**How to complete this task:**
Reproduce, word for word, the lines in the material below starting with the one that has "Here are some" and going on through the one that has "Find the reset". Leave out all pictures.

**Records to use:**
──────────────────────────────
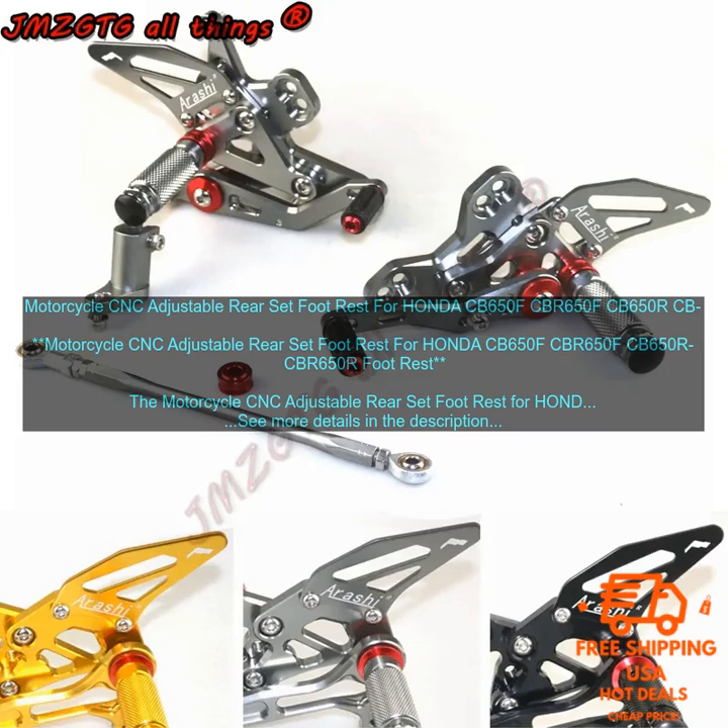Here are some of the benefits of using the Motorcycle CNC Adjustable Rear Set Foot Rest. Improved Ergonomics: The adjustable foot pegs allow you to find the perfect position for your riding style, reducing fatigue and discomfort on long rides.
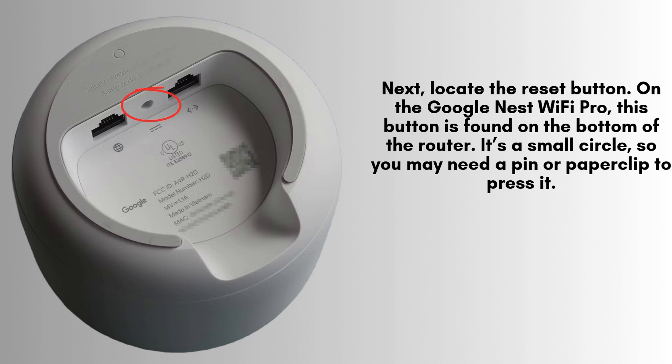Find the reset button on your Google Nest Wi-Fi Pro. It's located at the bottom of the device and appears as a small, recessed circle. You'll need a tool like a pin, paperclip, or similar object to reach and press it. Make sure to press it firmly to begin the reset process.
──────────────────────────────
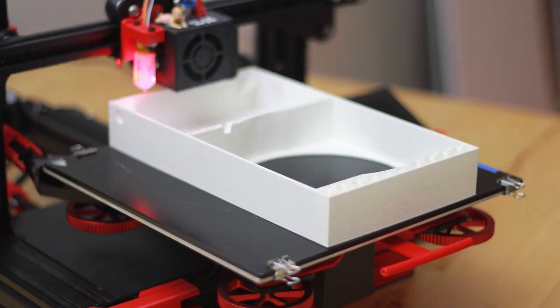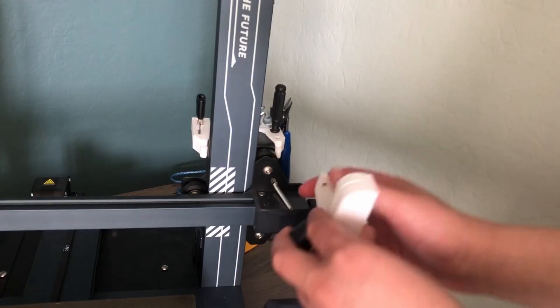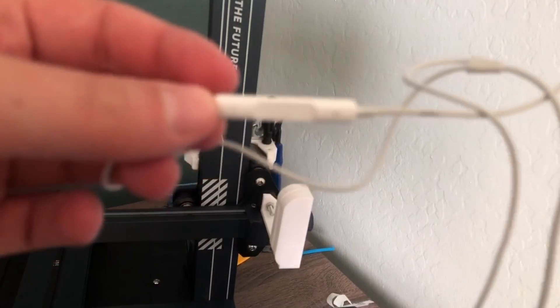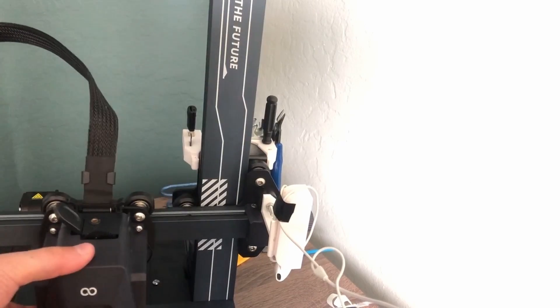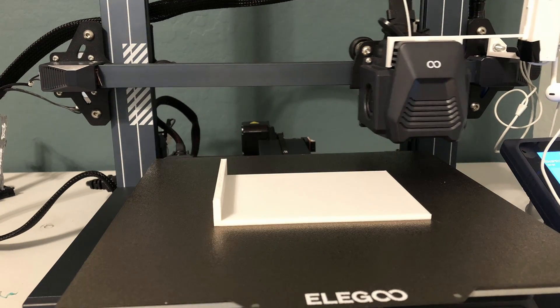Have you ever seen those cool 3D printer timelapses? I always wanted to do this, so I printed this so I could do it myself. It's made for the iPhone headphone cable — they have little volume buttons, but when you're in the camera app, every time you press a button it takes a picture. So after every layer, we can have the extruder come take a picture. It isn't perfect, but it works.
──────────────────────────────
**Solution to the problem:**
Here are some of the benefits of using the Motorcycle CNC Adjustable Rear Set Foot Rest. Improved Ergonomics: The adjustable foot pegs allow you to find the perfect position for your riding style, reducing fatigue and discomfort on long rides.
Find the reset button on your Google Nest Wi-Fi Pro. It's located at the bottom of the device and appears as a small, recessed circle. You'll need a tool like a pin, paperclip, or similar object to reach and press it. Make sure to press it firmly to begin the reset process.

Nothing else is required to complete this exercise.